The number of staff grew slowly from its complement of two in 1960. (In addition to Chubb and Thornley, Calendars of the period up to 1965 also list Donal O'Sullivan, appointed 'Lecturer in international affairs' in 1949, though seemingly this was something close to a purely honorary position and did not entail delivering more than the occasional talk.) David Thornley was promoted to Lecturer in September 1962 and to Associate Professor as from October 1968. He is the subject of Yseult Thornley (ed.), Unquiet Spirit: Essays in memory of David Thornley (Dublin: Liberties Press, 2008), which contains a number of assessments and reminiscences of him, the theme of many chapters being that Thornley's life was one of great promise, only partly fulfilled. Like Olive Armstrong, he was a Trinity graduate; he had entered Trinity in 1951 at the precocious age of 16 and graduated four years later with a first-class degree in Modern History and Political Science. His 1959 PhD thesis was published in 1964 by MacGibbon and Kee (London) as Isaac Butt and Home Rule. Reviews were generally favourable, praising the level of scholarship, though one (Nicholas Mansergh in Irish Historical Studies 14:54 (1964) 183–5) expressed doubt as to whether Butt was sufficiently significant to warrant a biography and felt that the book exaggerated the importance of its subject. A later writer suggested that Thornley 'felt a strange sympathy' with Butt and identified 'a strange correspondence' between Butt's life, as related in Thornley's account, and Thornley's own (W. E. Vaughan, ' 'An element of electoral politics intruded into his life' ', in Unquiet Spirit, pp. 46 and 47). While in Trinity Thornley excelled in both boxing and singing, for which he won a Royal Irish Academy of Music prize in 1970. He was known to begin seminars in his module on 'Irish working-class movements 1864–1914' by pouring a glass of sherry for each of the students present, which no doubt contributed to the liveliness of the class discussions.

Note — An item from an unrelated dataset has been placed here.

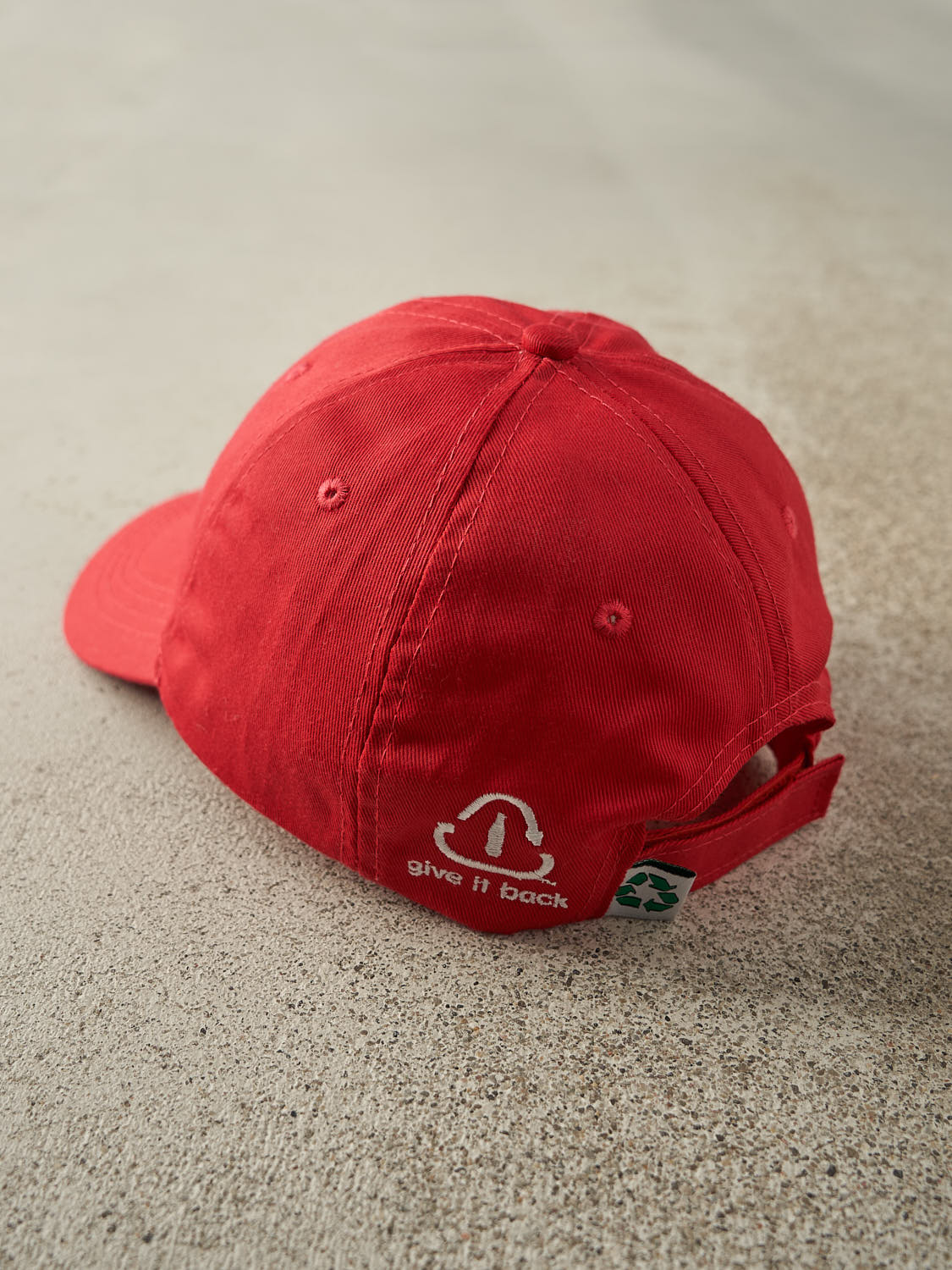 Vintage Y2K Red Coca Cola Embroidered Velcro Hat (O/S)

Thornley acquired a high public profile as a current affairs presenter on RTÉ in the late 1960s, and was elected to the Dáil in 1969 at the head of the poll as a Labour TD for Dublin North-West. He was re-elected in 1973, but with a reduced vote and, despite the high expectations with which he had entered the Dáil in 1969, he was not seriously considered for a cabinet or junior ministerial role when Labour entered government in March 1973. As Ireland had just joined the European Union Labour was called on to nominate two MEPs (MEPs were not directly elected until 1979). The party asked another Labour TD, Barry Desmond, to take one of these positions, but he refused; the poisoned chalice was passed to Thornley, who accepted it. He was a Labour MEP for four years, a role that unfortunately contributed to his health problems, in particular his difficulties in dealing with alcohol. Barry Desmond later wrote of Thornley's becoming an MEP that 'It was to be David's death warrant' ('Our lost comrade' in Unquiet Spirit, p. 143). Thornley lost his Dáil seat at the 1977 election and died in June 1978, at the age of only 42, before he had been able to return to academic life on a full-time basis.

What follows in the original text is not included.